INSTRUCTIONS TO FOLLOW: Without reproducing any image, print the listing below exactly.

PROVIDED MATERIAL:
++++++++++
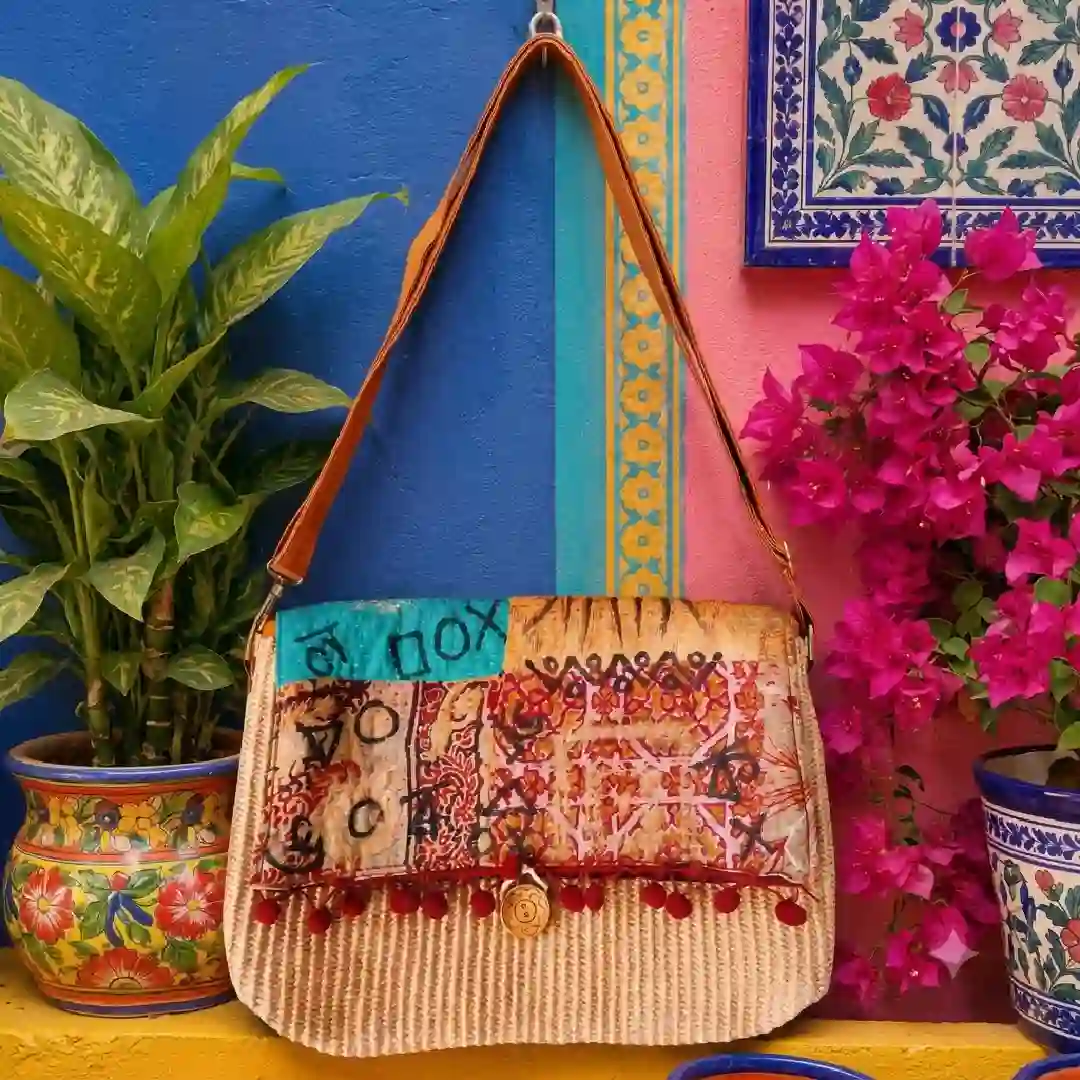 Rustic Heritage Jute Shoulder Bag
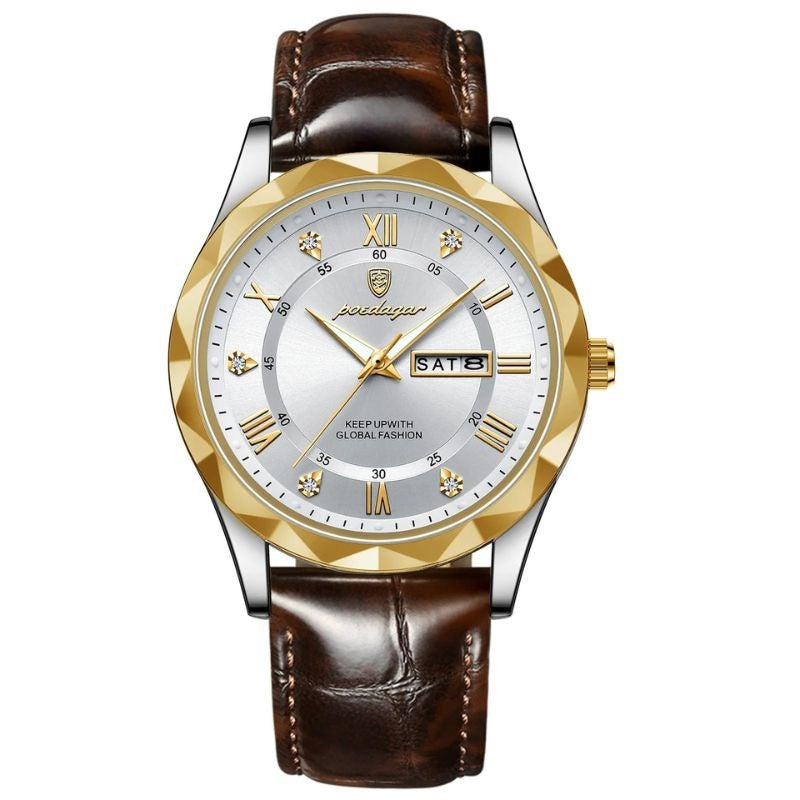 Montre à quartz de luxe avec bracelet cuir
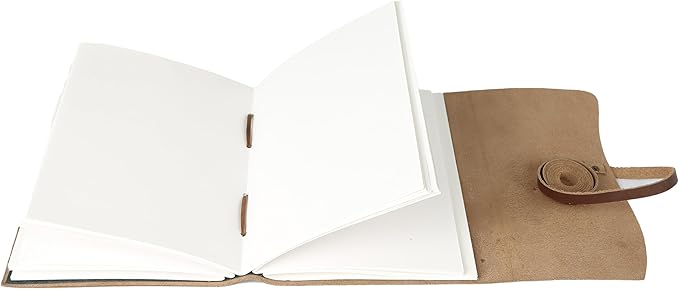 Dark Tan Leather Journal 7x5 | Handmade Vintage Notebook with Unlined Pages | Rustic Cotton Paper | Antique-Style Travel Diary & Sketchbook for Men & Women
++++++++++
WRITTEN ANSWER:
 Rustic Heritage Jute Shoulder Bag
 Montre à quartz de luxe avec bracelet cuir
 Dark Tan Leather Journal 7x5 | Handmade Vintage Notebook with Unlined Pages | Rustic Cotton Paper | Antique-Style Travel Diary & Sketchbook for Men & Women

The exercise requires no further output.